→ Aim of the exercise: In the material below, find the span from the line with "Video: Park halinde" to the line with "Appartement à BLAGNAC" and transcribe only those lines, exactly, ends included, without the pictures.

→ Exercise material:
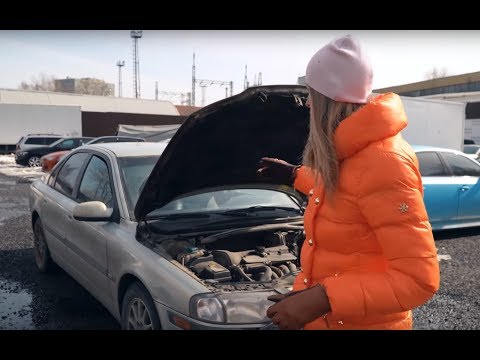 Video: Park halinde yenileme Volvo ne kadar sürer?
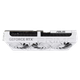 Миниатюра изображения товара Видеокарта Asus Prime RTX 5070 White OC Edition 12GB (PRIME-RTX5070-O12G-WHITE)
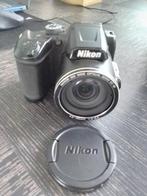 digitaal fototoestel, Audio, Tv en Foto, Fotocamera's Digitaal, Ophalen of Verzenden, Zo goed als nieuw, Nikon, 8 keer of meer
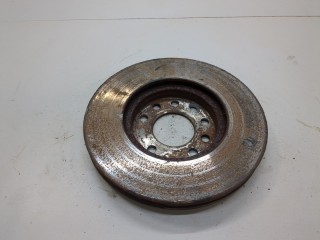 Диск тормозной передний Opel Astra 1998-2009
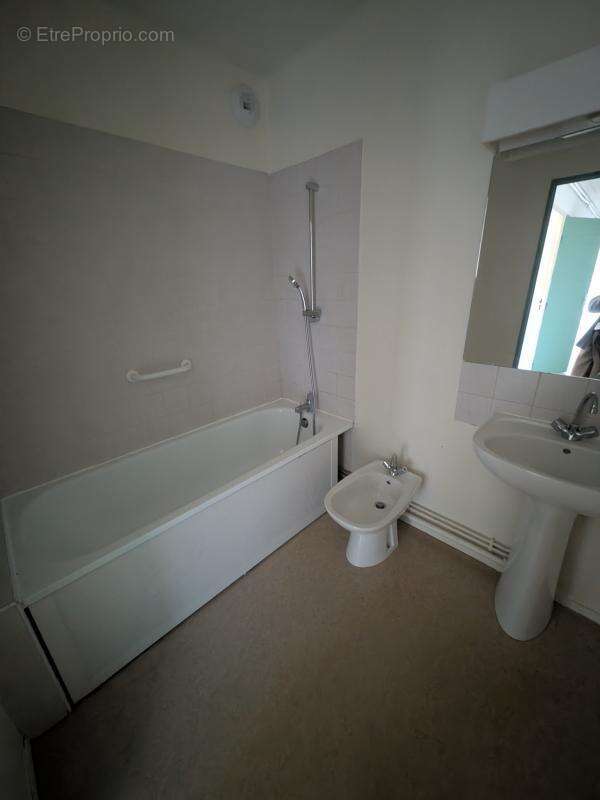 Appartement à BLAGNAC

...

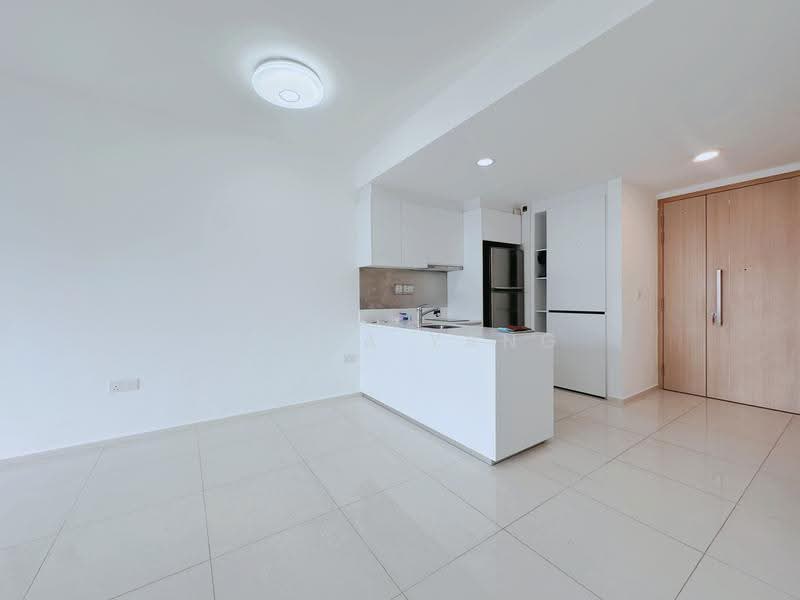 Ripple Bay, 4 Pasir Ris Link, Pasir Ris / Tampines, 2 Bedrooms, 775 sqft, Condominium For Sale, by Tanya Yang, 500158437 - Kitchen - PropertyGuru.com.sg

→ Output:
 Video: Park halinde yenileme Volvo ne kadar sürer?
 Миниатюра изображения товара Видеокарта Asus Prime RTX 5070 White OC Edition 12GB (PRIME-RTX5070-O12G-WHITE)
 digitaal fototoestel, Audio, Tv en Foto, Fotocamera's Digitaal, Ophalen of Verzenden, Zo goed als nieuw, Nikon, 8 keer of meer
 Диск тормозной передний Opel Astra 1998-2009
 Appartement à BLAGNAC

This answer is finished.